The voice of Katie Kampenfelt is so absolutely authentic that it is hard to believe this book is a work of fiction…and that’s a good thing. Katie is impulsive, witty, naïve, wanton, intelligent and unapologetic. She decides to defer college for a year to “discover her bliss” and documents that time in a blog…an anonymous blog. The result is a hauntingly, painfully honest (and hysterically sarcastic) window into her soul.
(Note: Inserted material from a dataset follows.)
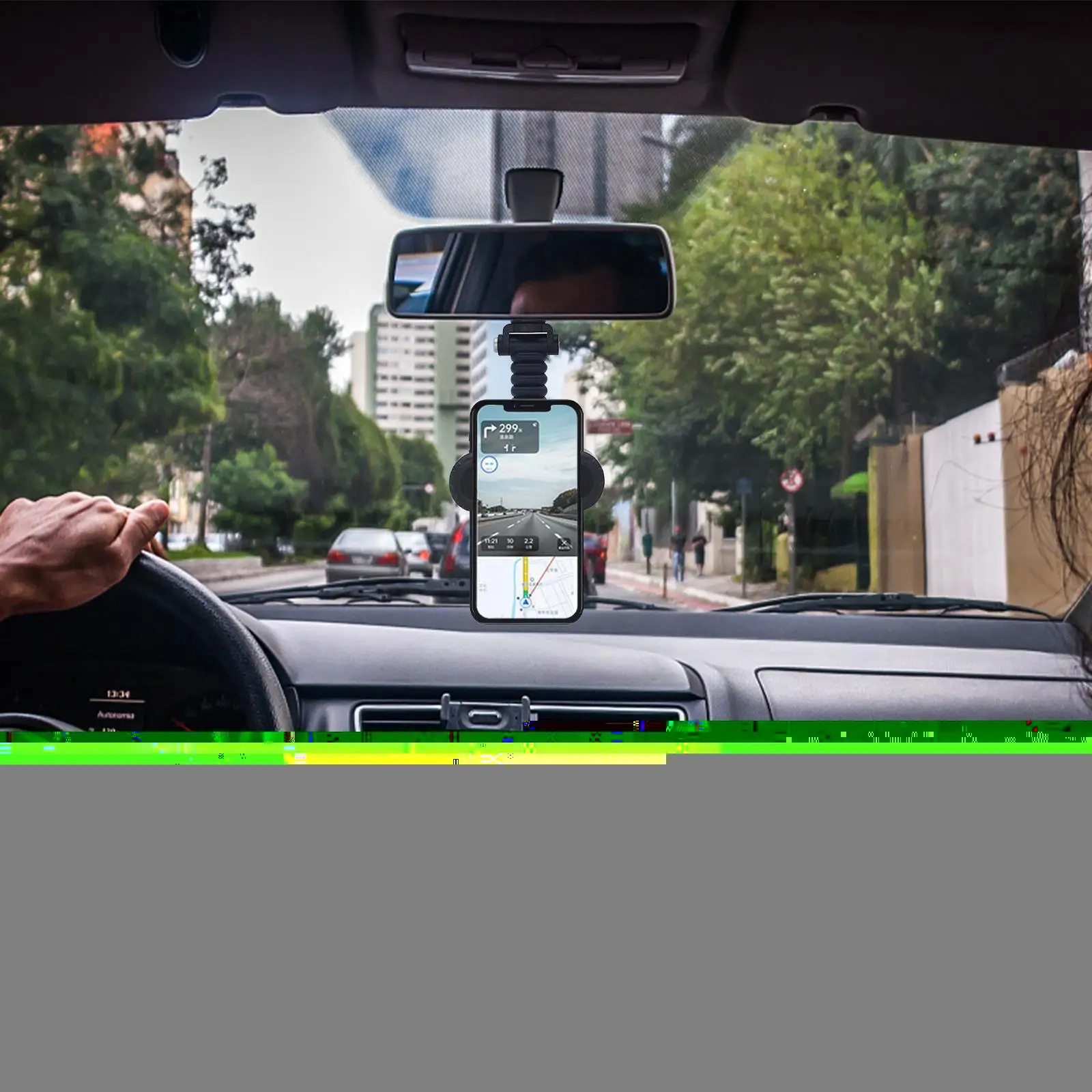 

Car Phone Holder Multifunctional 360 Degree Rotatable Auto Rearview Mirror Hanging Clip Bracket Cell Phone Holder For F3k4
There’s a broad appeal to Undiscovered Gyrl, it is enjoyable on the surface as YA fiction and yet profound enough to become classic coming of age literature. This book is funny and entertaining, relatable and relevant. It flawlessly captures the usual struggles of youth magnified today by the internet, texting, and the other “always available” technologies of this generation. At a deeper level, it is frank and inadvertently cautionary without being preachy or artificial in any way. There is one thing that bothered me about this book that unfortunately I cannot discuss without being a spoiler. I will just say that without that one part, the book is superb, and with it, it’s still a great read with one unfortunate and annoying blemish. Regardless, I thoroughly enjoyed this book it is supremely clever and extremely readable. Bravo, Allison Burnett!